Projects aim to manage weeds in organic fruit, hemp farming
By Krisy Gashler
Weed control is a problem as old as agriculture itself, but two projects from a Cornell AgriTech researcher aim to cultivate new methods for zapping the pesky plants, benefitting organic apple and grape growers and hemp producers in New York state and around the country.
Lynn Sosnoskie, assistant professor in the School of Integrative Plant Science, is collaborating on a $2 million project to study electric weed control in perennial fruit crops. She is also leading a $325,000 weed management study for hemp. Both studies are multi-institution, multistate undertakings that aim to provide growers with evidence-based, location-specific recommendations to suppress weeds and maximize yields.
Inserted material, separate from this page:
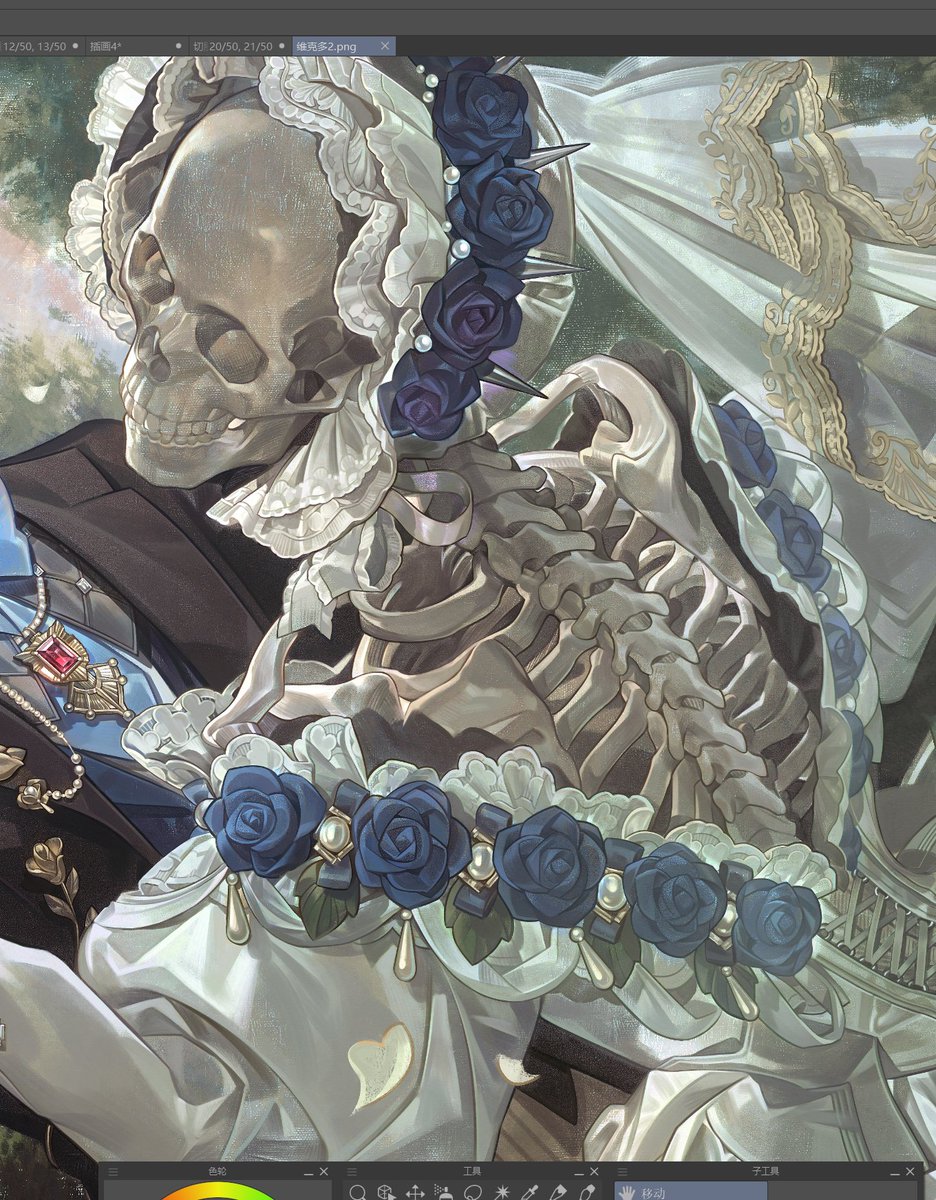 共享装备处 tweet media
Both projects began in September, will run for three years and are funded by the United States Department of Agriculture’s National Institute for Food and Agriculture (USDA-NIFA).
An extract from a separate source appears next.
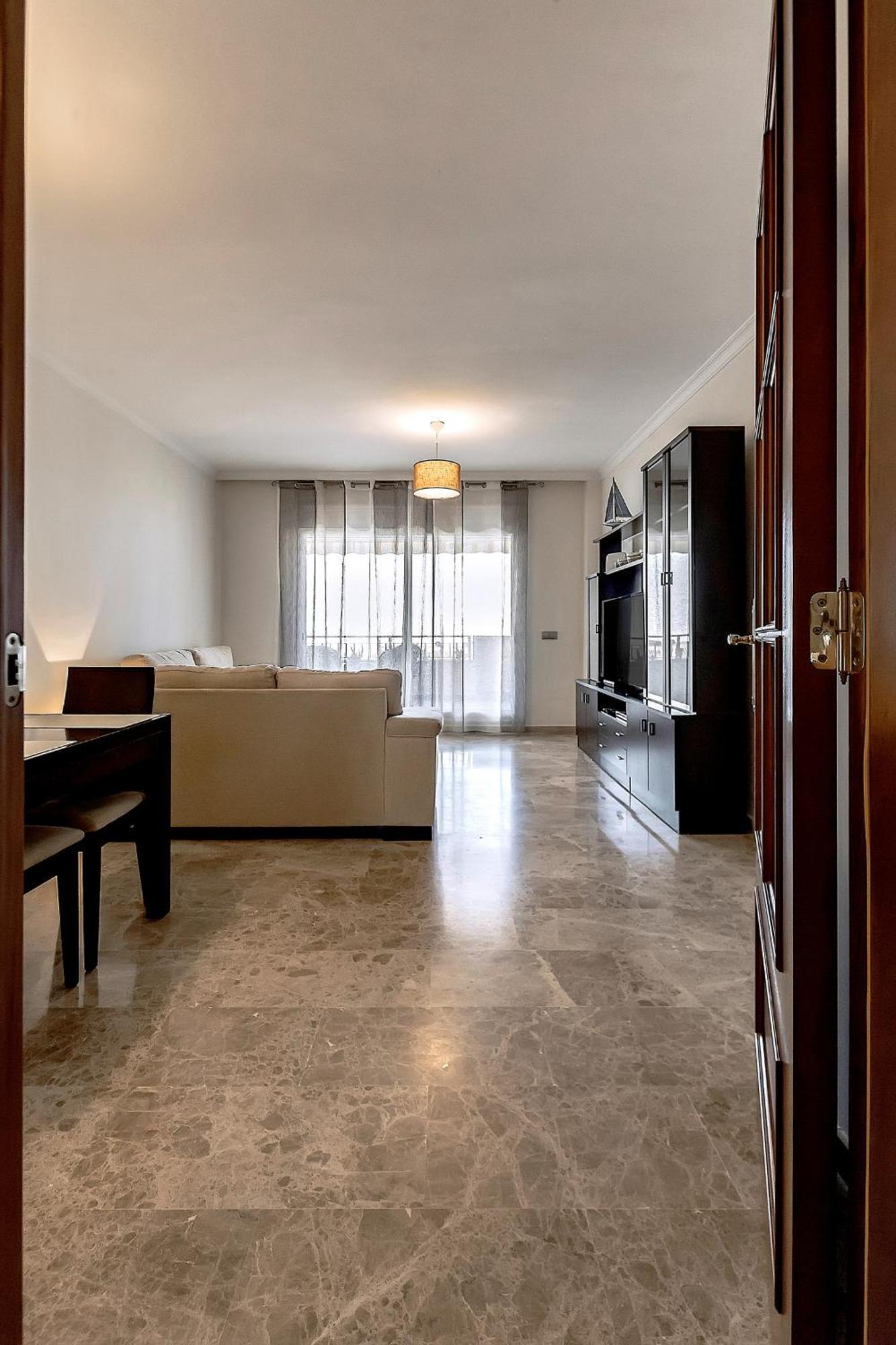 Residencia Playa La Arena * Puerto de Santiago (Tenerife)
“We’re going to be in different regions, different production environments, different soil types, different rain patterns,” Sosnoskie said. “By banding together to do this work, we’ll be able to understand the similarities in our systems and highlight the differences. This will be really useful for developing our extension outreach publications for growers.”
For the apple and grape study, Sosnoskie and collaborators at Oregon State University and the University of California, Davis, will test the performance, safety, and economic and environmental sustainability of electric weed control in organic production. The organic product market topped $60 billion in 2020, and the largest market segment is fresh fruit.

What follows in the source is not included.